Noise2Void for Fiji

Hi all,

there’s a new Jug-Lab Fiji plugin of Noise2Void available now (originally implemented in python). Any volunteers for testing an early version?

It’s a deep learning method for content aware denoising. Training can be done on single noisy images. This is the N2V paper: https://arxiv.org/abs/1811.10980 … And the SEM data reference book chapter, same data as in the n2v python training SEM example.

Here’s the update site: https://sites.imagej.net/N2V. More details + source code on our github page: https://github.com/juglab/N2V_fiji/

During training a loss plot and preview window is displayed to track the progress. Be aware that N2V will only remove pixel wise independent noise.

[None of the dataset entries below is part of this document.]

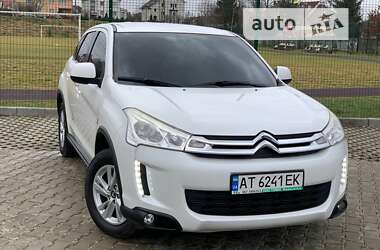 Внедорожник / Кроссовер Citroen C4 Aircross 2012 в Ивано-Франковске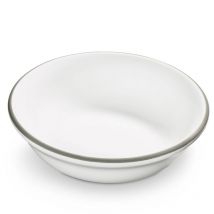 Gmundner Keramik - Gmundner Cerámica Borde gris, cuenco para cereales pequeño (ø 14cm)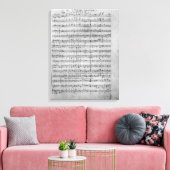 Toile Trois Lieder (Insitu(Salon))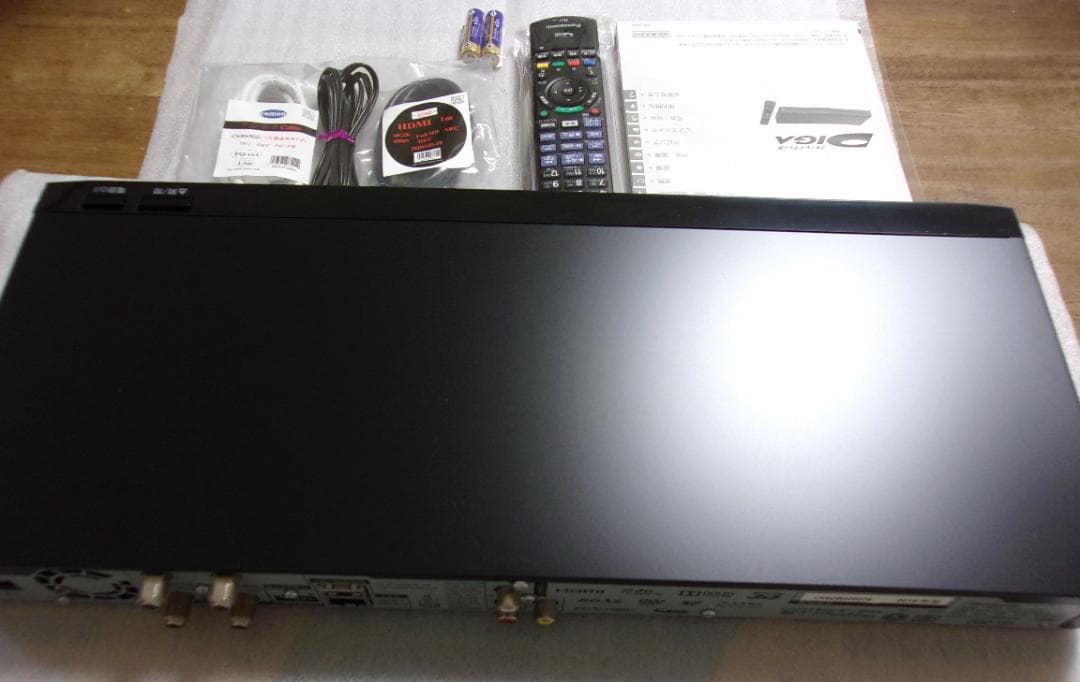 Panasonic 4K ブルーレイレコーダー DMR-BRW1010 1TB②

The train plugins provide you with a link to a ZIP file of the trained model which you can use to run the predict plugin on other images of the same type without retraining.

There’s a script template for batch prediction, open a new script and open Templates > ImageJ2 > N2V > BatchPredict (python) , if you run it, it asks for a folder containing the input images, an empty folder where the predicted output images will be saved to and the model file (the ZIP from training)

For GPU support (which is kind of necessary, training with GPU still takes hours) you should have CUDA 10 and a matching cuDNN version installed. Follow the official NVIDIA guides to set the environment variables for both libraries. After adding the N2V update site, in Fiji, open Edit > Options > TensorFlow... and install TF 1.13.1 GPU.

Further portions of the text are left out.